Origins

Do read Mike B’s article.

In a kindergarten classroom in the mid-1960s, a kid named Mikey steered clear of the boys stacking large toy blocks on top of one another and knocking them down again–so obnoxiousand instead went and sat at the table of girls making beads out of salt dough and stringing them together on a thread. These girls were not averse to tasting the salt dough and smacking their lips in disgust. The teacher had wisely settled on salt dough because she knew it wouldn’t poison the students should they eat it. At least the girls were smart and funny and didn’t continually knock each other to the floor.

Mikey preferred these sober, artsy activities–making necklaces of salt dough beads, pressing hand prints into soft clay disks, tracing the profiles of silhouetted heads projected via lamp light onto sheets of construction paper–over the rough-and-tumble of block stacking, fat-ball tossing, and floor hockey, because–well, he just did. Thus developed the central themes of his boyhood–hates sports; likes art and language; hangs out with the girls.

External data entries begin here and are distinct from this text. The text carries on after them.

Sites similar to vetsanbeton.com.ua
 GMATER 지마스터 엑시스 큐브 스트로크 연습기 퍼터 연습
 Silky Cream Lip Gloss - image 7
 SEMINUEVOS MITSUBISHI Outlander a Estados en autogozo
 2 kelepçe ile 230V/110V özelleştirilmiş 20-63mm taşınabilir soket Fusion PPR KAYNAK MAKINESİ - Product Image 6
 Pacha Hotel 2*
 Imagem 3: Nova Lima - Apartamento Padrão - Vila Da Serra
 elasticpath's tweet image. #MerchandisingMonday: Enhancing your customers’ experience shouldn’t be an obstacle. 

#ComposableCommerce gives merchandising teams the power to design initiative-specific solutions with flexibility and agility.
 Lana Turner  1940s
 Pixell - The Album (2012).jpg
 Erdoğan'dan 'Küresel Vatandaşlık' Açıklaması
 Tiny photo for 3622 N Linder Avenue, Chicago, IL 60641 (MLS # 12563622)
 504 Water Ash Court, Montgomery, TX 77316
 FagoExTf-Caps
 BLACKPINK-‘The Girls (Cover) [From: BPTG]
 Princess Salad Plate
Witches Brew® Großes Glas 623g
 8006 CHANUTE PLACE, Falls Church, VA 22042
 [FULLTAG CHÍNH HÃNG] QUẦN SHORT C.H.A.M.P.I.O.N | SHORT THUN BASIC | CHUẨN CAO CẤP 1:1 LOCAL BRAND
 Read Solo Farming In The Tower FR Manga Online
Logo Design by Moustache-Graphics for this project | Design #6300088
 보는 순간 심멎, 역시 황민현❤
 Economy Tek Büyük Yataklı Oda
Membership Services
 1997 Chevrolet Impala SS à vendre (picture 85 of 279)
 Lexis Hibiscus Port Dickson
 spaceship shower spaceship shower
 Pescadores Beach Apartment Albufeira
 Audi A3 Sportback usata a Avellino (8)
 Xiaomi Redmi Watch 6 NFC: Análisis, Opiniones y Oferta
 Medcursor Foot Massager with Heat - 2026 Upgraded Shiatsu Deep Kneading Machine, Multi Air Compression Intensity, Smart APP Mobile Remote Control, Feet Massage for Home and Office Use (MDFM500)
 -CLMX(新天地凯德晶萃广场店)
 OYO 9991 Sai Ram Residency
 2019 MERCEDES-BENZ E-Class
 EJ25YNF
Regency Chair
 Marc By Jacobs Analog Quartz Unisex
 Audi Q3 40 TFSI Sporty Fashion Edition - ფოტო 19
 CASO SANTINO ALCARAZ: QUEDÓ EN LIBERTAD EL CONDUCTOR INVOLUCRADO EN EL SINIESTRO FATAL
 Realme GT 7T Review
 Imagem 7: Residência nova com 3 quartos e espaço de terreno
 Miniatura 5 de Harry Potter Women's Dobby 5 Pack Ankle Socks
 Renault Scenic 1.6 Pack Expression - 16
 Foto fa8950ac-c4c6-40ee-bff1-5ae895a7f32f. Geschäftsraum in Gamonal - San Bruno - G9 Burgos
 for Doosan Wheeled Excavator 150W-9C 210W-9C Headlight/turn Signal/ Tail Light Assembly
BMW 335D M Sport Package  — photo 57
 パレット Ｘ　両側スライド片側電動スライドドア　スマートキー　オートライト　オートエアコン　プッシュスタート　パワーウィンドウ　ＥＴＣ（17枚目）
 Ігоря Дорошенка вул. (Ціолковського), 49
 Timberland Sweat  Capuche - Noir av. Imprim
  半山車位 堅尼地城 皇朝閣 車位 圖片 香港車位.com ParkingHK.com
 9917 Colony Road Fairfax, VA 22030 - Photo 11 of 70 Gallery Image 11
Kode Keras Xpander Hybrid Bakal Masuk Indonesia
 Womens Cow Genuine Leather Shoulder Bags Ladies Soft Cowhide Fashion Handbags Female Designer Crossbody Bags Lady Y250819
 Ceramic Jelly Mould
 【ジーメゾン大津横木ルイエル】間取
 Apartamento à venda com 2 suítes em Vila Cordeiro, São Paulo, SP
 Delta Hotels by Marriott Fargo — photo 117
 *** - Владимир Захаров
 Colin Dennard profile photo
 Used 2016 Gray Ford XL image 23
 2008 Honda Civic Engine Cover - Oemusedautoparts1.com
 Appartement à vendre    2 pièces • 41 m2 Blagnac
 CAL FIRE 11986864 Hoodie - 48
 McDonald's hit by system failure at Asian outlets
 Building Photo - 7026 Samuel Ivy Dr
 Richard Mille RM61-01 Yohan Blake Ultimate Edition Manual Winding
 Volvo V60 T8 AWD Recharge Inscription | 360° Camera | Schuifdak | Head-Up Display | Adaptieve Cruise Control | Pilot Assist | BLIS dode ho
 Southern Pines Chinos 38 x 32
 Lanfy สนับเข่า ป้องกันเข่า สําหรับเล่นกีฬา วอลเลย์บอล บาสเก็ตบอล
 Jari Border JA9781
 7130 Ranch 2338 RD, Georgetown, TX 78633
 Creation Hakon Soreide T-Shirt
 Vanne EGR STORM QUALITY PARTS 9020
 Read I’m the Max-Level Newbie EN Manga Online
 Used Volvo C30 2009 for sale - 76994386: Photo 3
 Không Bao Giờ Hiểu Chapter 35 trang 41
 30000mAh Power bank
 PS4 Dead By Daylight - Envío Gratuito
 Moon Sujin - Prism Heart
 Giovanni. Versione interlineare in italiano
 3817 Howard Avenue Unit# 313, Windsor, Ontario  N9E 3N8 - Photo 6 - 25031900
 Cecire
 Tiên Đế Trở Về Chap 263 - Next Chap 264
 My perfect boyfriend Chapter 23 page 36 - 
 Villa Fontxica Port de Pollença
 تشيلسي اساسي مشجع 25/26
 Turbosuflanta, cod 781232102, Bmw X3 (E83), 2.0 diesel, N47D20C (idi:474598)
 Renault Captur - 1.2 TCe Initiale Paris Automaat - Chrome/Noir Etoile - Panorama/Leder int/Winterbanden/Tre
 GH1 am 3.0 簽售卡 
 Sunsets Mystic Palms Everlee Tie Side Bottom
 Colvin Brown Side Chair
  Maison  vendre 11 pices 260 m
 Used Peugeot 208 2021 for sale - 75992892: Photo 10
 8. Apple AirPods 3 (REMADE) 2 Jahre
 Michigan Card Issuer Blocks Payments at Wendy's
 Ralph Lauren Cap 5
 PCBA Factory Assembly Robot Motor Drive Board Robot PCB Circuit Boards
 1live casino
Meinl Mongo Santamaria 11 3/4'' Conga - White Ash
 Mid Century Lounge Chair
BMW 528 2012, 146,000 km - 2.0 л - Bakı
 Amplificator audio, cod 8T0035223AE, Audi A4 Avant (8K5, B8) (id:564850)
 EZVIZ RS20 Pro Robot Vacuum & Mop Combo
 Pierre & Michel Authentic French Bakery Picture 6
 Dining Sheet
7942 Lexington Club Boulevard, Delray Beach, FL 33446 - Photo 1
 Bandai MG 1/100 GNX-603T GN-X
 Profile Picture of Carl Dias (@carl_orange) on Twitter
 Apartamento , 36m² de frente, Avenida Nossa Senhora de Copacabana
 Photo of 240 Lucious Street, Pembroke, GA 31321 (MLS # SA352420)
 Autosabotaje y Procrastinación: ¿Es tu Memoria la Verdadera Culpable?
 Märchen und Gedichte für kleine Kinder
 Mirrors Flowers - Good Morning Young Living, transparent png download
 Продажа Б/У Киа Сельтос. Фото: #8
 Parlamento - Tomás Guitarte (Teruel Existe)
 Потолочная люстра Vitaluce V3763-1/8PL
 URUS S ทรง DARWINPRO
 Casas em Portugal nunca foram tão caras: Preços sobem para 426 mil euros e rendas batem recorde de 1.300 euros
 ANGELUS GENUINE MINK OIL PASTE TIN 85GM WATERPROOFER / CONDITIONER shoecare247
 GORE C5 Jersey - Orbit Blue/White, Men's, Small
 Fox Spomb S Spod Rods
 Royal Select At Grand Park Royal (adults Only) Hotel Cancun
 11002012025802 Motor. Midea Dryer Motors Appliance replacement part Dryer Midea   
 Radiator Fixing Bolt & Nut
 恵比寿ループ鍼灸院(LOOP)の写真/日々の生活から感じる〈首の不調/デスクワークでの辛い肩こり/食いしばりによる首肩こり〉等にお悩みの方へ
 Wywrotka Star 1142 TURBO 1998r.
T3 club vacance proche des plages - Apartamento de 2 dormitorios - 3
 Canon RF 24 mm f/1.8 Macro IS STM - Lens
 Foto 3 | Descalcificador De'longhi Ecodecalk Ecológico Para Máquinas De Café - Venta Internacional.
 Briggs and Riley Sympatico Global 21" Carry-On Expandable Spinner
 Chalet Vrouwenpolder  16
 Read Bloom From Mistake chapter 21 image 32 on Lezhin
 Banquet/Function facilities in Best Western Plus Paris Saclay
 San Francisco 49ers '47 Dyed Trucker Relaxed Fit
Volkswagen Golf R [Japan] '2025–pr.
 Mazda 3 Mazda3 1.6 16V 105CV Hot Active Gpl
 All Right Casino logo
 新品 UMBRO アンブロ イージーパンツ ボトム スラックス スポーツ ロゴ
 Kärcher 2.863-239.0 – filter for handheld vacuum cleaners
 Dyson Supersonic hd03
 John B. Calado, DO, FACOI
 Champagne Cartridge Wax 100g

Throughout grade school, gym class gave him a terrible knot in his stomach and he longed to be elsewhere, a disposition cemented into place by an incident during a game of “battle ball,” in which boys stood at opposite walls and hurled large pneumatic balls at each other for God knows what reason, and a ball smacked him square in the face and knocked his glasses off his head.

I always longed to be elsewhere during gym class too. A long walk through fields for preference.